LOUISVILLE, Ky. — This blog will be updated daily with the latest information on COVID-19 in Kentucky. You can also see the newest stories in our Coronavirus section.
Sunday, March 22
A list sent from the governor’s office shows gives an idea of what retail must close by 8 p.m. Monday.
Governor Andy Beshear says the state is now up to 103 cases statewide.
So far, Beshear says 2,000 tests have been administered and the average age of a coronavirus patient is 53.3.
The Kentucky coronavirus hotline has received more than 22,800 calls; averaging about 2,400 daily.
Monday, the governor says non-essential retail businesses are expected to close at 8 p.m. These businesses include clothing/shoe stores, bookstores, auto dealerships, florists.
Liquor stores can also remain open only with curbside and delivery.
They do not include pharmacies, drug stores, grocery stores, gas stations and auto repair shops.
“It’s going to take this type of sacrifice and continuing to take more steps each day or every other day to do what we need to do,” he said.
He says “shelter in place” will not be how Kentucky handles the virus, instead preferring to use the term “healthy at home.”
In another new update, Gov. Beshear has now mandated starting Monday, March 23, all medical facilities must stop elective procedures.
“The vast majority of providers have done it voluntarily and are truly making plans, are absolutely on Team Kentucky but whether it’s a group of chiropractors that have been exceedingly difficult or others that think they are the exception, it’s now requiring us to turn it into a mandate,” Beshear said.
The governor also said two new labs have begun testing for the virus, including one at the University of Kentucky and a private lab.
Mayor Fischer says 28 of the 99 cases of COVID-19 are in Jefferson County, including the fatality.
The mayor says the Louisville Metro Revenue Commission will extend its annual occupational license tax filing.
The April 15 deadline has now been moved to July 15.
Metro 3-1-1 will take calls beginning Monday about businesses not complying with the governor’s orders to close to flatten the curve. Mayor Fischer says if you see large gatherings, they will send proper enforcement and take more restrictive measures to stop the disease.
“Our number one job is to protect life and citizens in this city,” Fischer said. “And if necessary we will shut the businesses down.
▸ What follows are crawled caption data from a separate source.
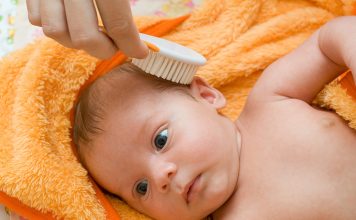 Hair Fall in Babies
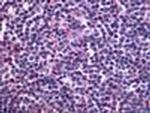 EDG6 Antibody in Immunohistochemistry (Paraffin) (IHC (P))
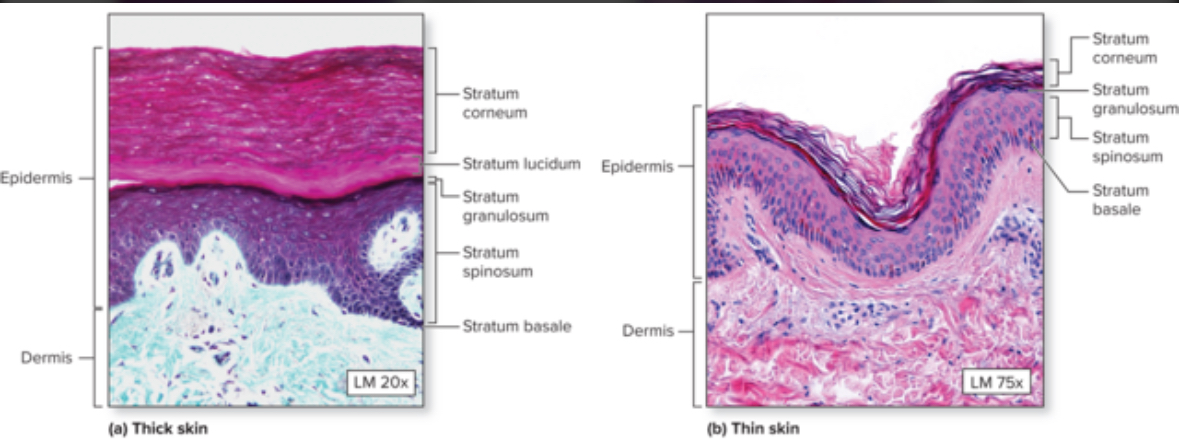 <p>Each skin layer is thicker and has one extra layer = stratum lucidum</p><p>Epidermis ridge present</p><p>Location: fingertips, palms of hands, soles of feet</p>
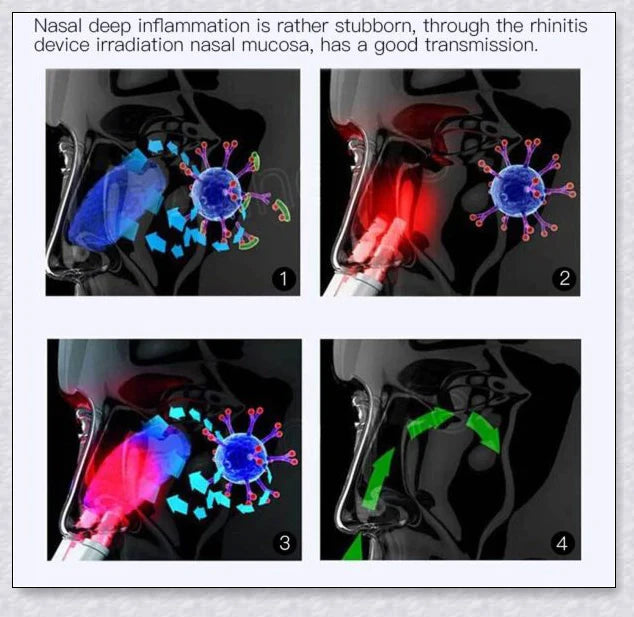 Infrared Rhinitis Therapy Device - Compact, Portable Design for Natural Sinus and Nasal Congestion Relief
So please do the right thing today so you’re not going to have a bigger problem tomorrow when you don’t have to get the government involved with enforcing this.”
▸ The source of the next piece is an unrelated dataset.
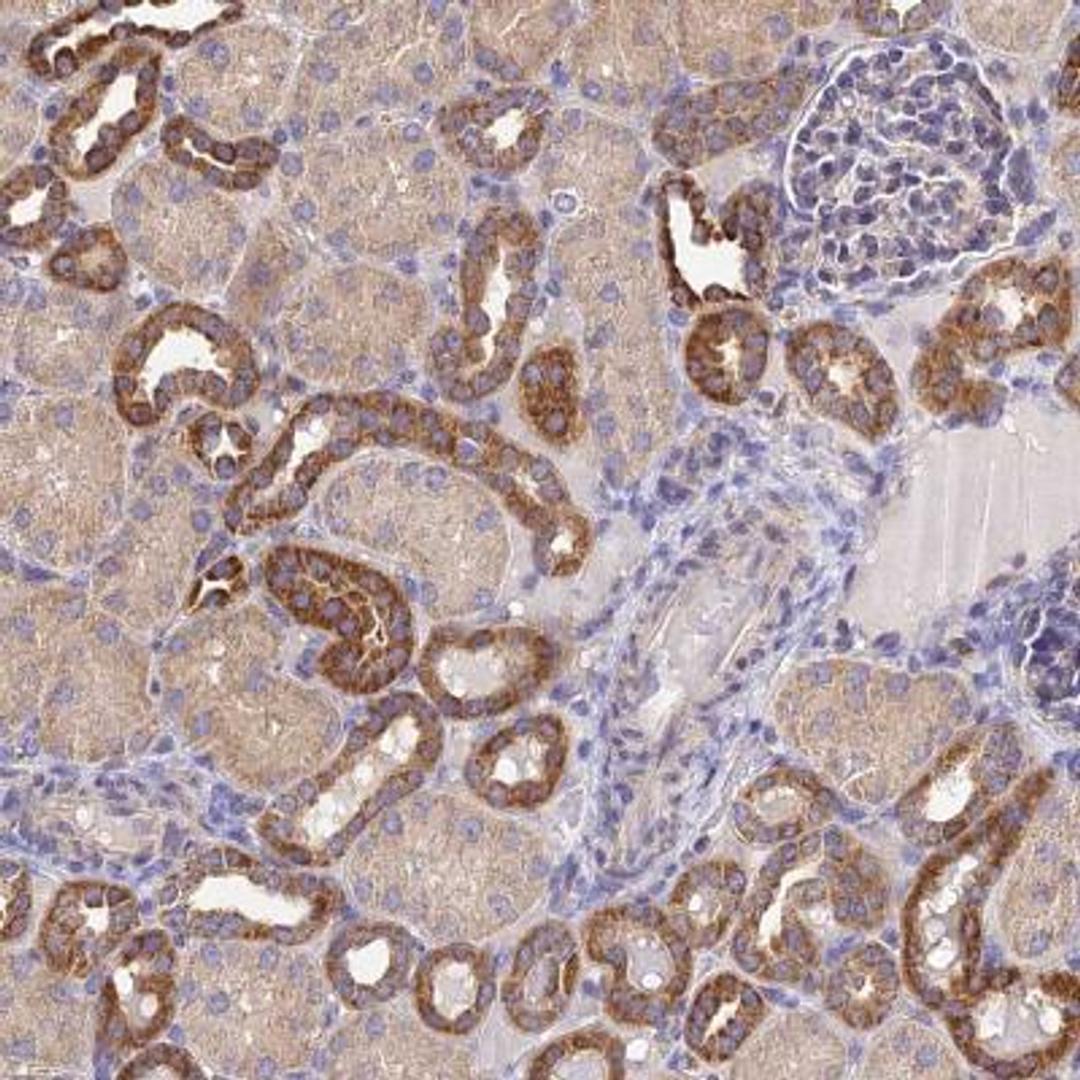 Immunohistochemistry: NIPSNAP3A Antibody [NBP2-46674] - Analysis  of human kidney shows strong cytoplasmic positivity in cells in tubules.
The Big Four Bridge will be lit up Sunday as a sign of compassion.
Fischer is urging Louisvillians to fly the American flag as a way to show this country will get through this.
Kentucky Senator Rand Paul has tested positive for COVID-19. The Senator made the announcement via Twitter.
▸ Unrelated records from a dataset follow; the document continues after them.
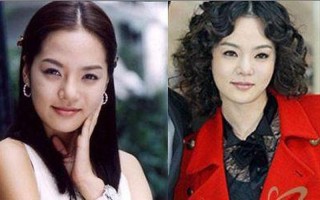 韩国明星整容失败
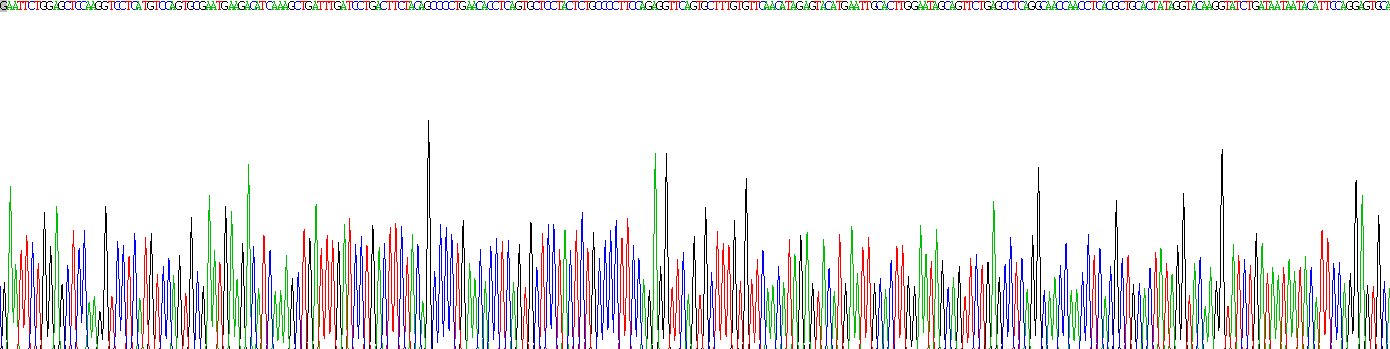 Recombinant Interleukin 2 Receptor Gamma (IL2Rg)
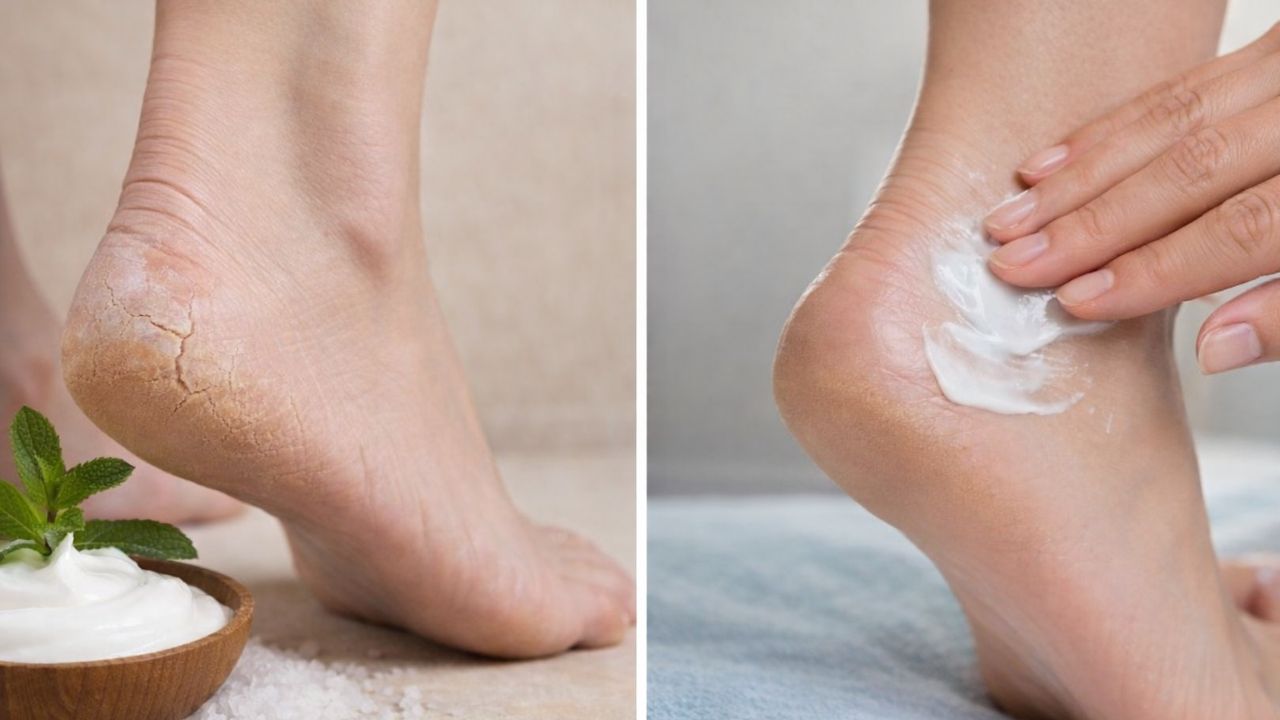 Fast Ways to Repair Dry Cracked Heels at Home With Gentle Kitchen Ingredients That Heal Skin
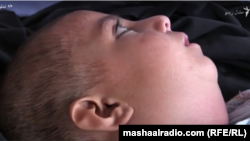 کله چرک یکی از بیماری های ساری که اطفال زیر سن پنج سال را تهدید می‌کند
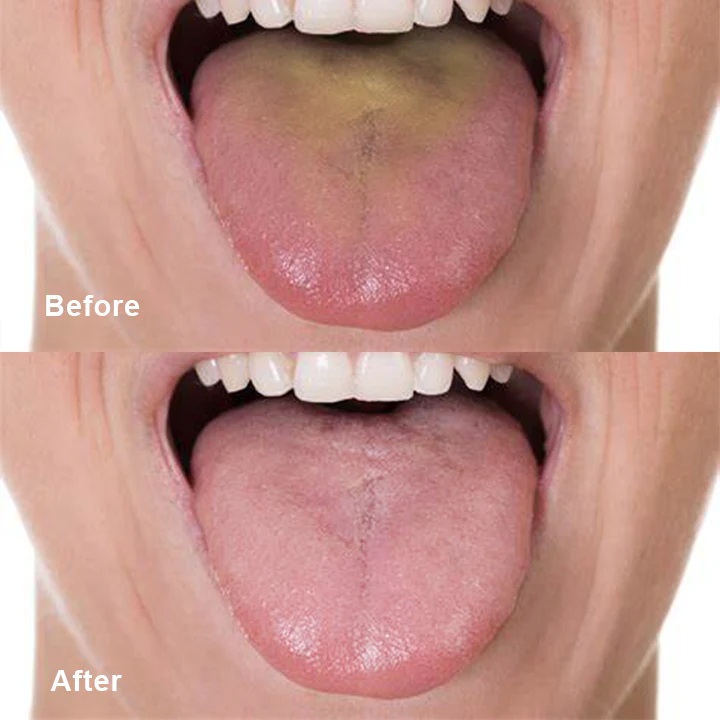 LIMETOW™-Tongue-Cleaner8 LIMETOW™-Tongue-Cleaner8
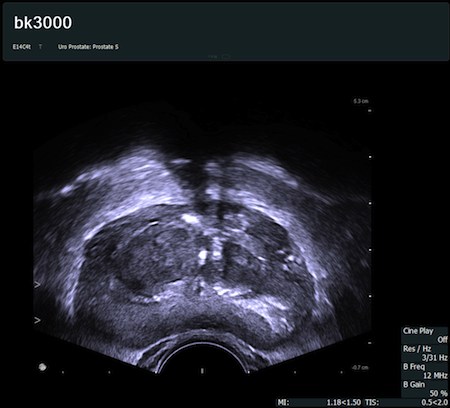 bk3000 - poprzeczny przekr&oacute;j gruczołu krokowego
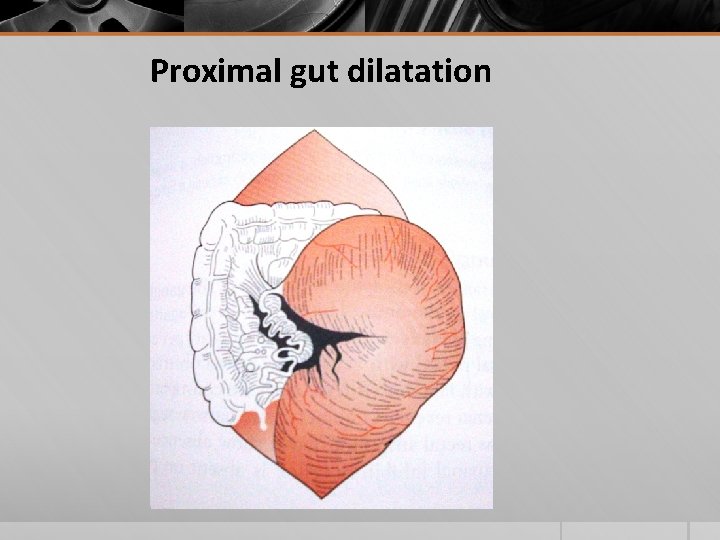 Proximal gut dilatation 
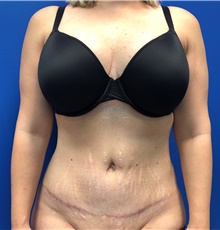 Tummy Tuck After Photo by Ankit Desai, MD; Jacksonville, FL - Case 40341
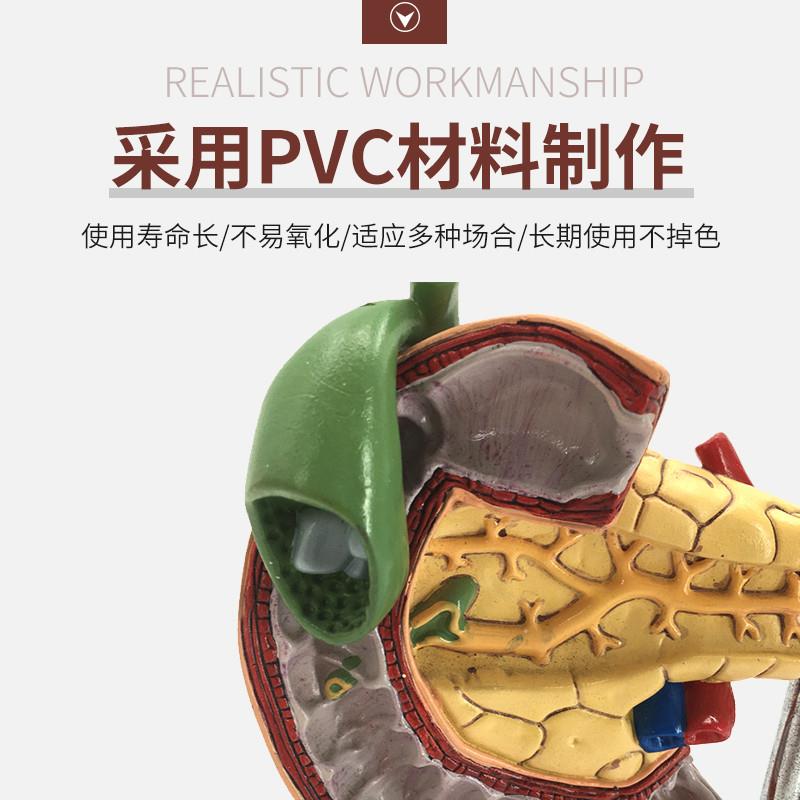 教学仿真a病变胰脾肝胆十二指肠模型病理胰腺标本人体器官解剖医 - 图1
In the tweet, it says Paul is feeling fine and is in quarantine. He is asymptomatic and was tested out of an abundance of caution due to his extensive travel and events.
Masonic Home Louisville has confirmed that a former patient at the daily living campus has tested positive for coronavirus.
The patient was living at the Sam Swope Care Center in the Crescent Hill neighborhood.
According to Masonic Home Louisville, the patient was in continuous isolation while receiving care and all isolation protocols were applied. They say they were notified by a local hospital about the former patient’s diagnosis.
The Kentucky government website for COVID-19 reported 12 new cases bringing the total to 99.